◆ **How to complete this task**: Look below for the line containing "AI generated run". Write out that line and the rest through the last one, exactly as they appear, but without pictures.

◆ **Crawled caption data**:
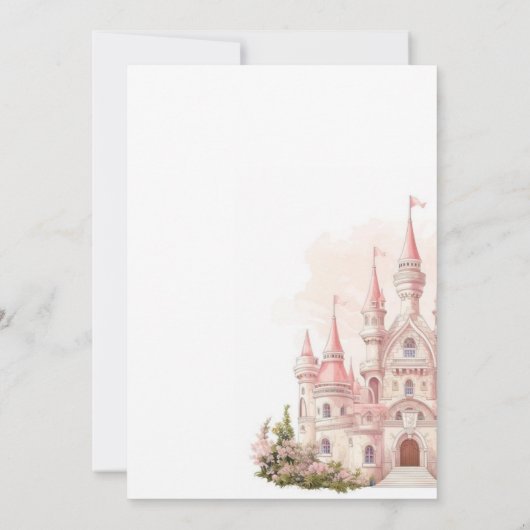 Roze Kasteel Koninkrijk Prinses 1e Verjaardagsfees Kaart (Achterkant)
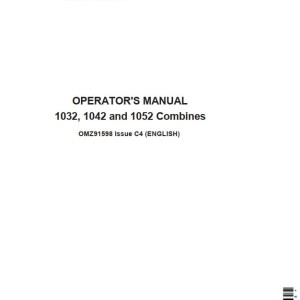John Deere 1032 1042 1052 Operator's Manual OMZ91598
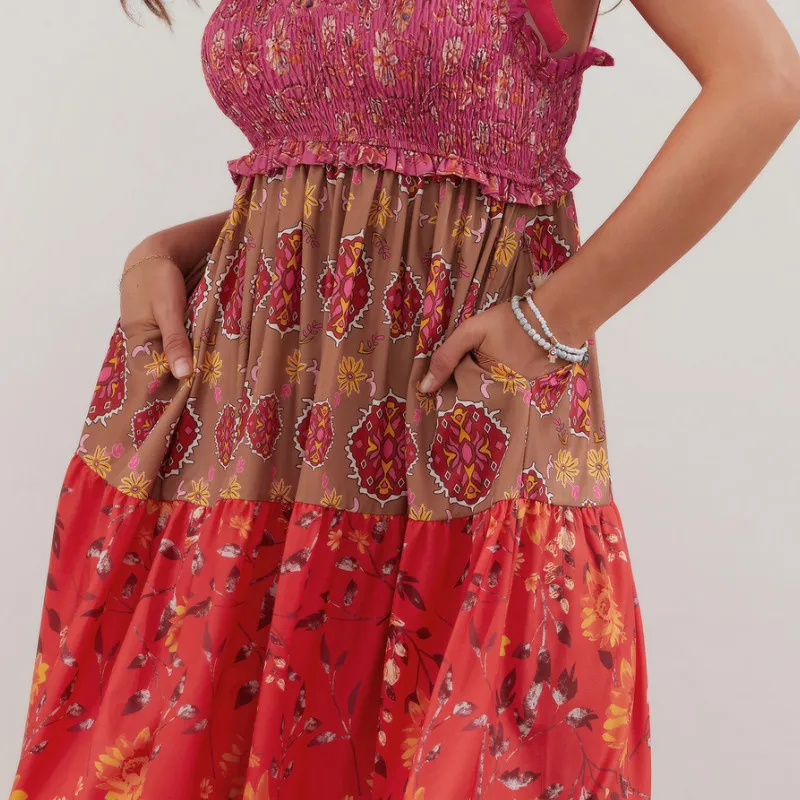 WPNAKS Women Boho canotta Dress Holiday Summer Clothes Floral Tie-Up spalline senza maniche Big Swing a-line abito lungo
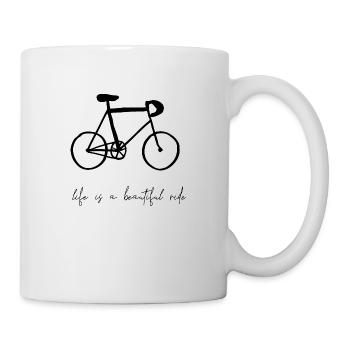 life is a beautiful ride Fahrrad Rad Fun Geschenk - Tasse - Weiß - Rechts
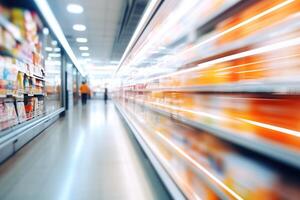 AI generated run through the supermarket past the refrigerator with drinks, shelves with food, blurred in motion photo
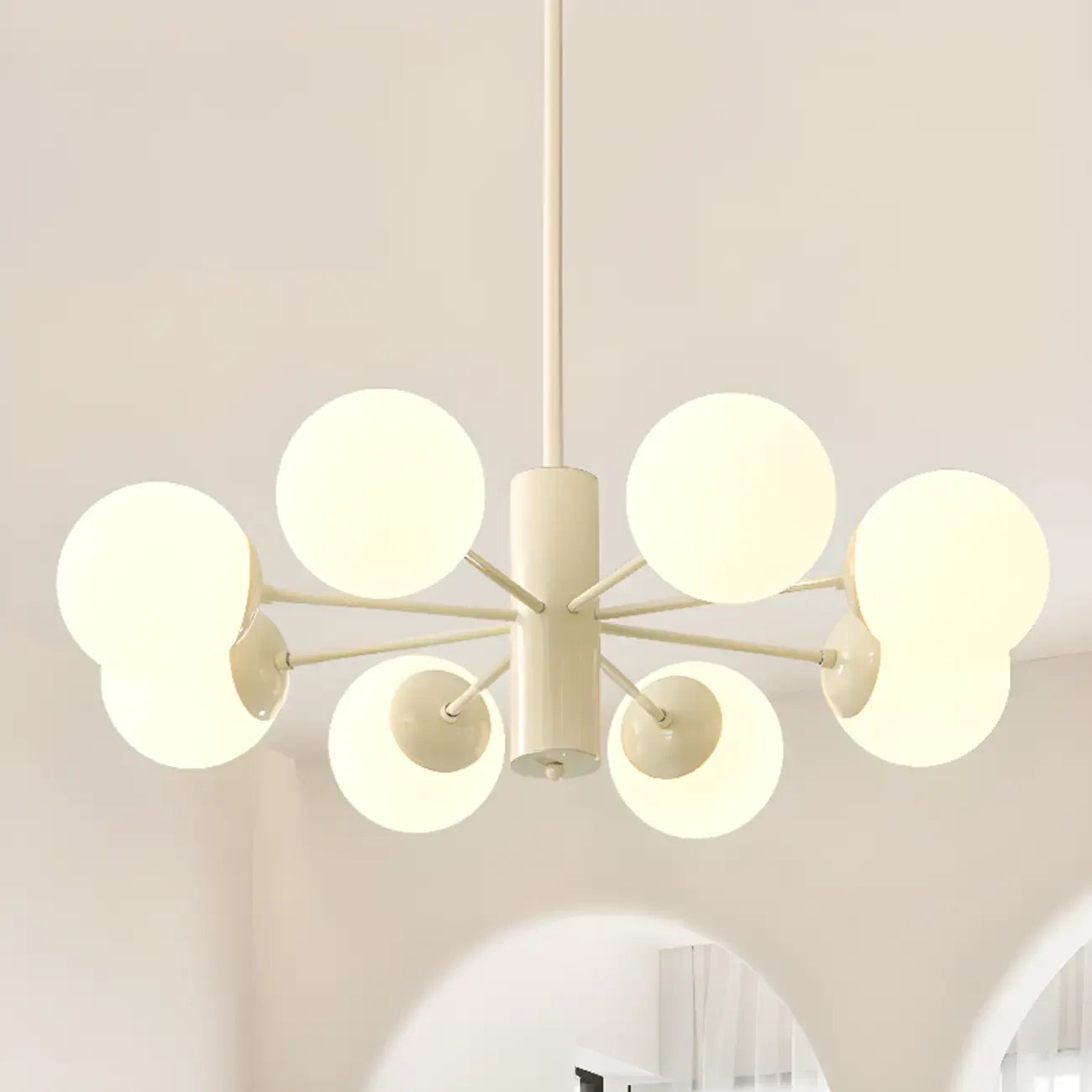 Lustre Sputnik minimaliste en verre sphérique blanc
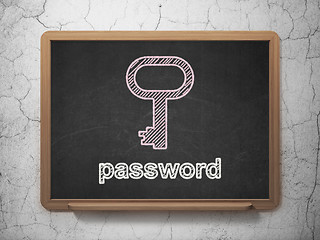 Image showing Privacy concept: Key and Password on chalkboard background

◆ **Answer space**:
 AI generated run through the supermarket past the refrigerator with drinks, shelves with food, blurred in motion photo
 Lustre Sputnik minimaliste en verre sphérique blanc
 Image showing Privacy concept: Key and Password on chalkboard background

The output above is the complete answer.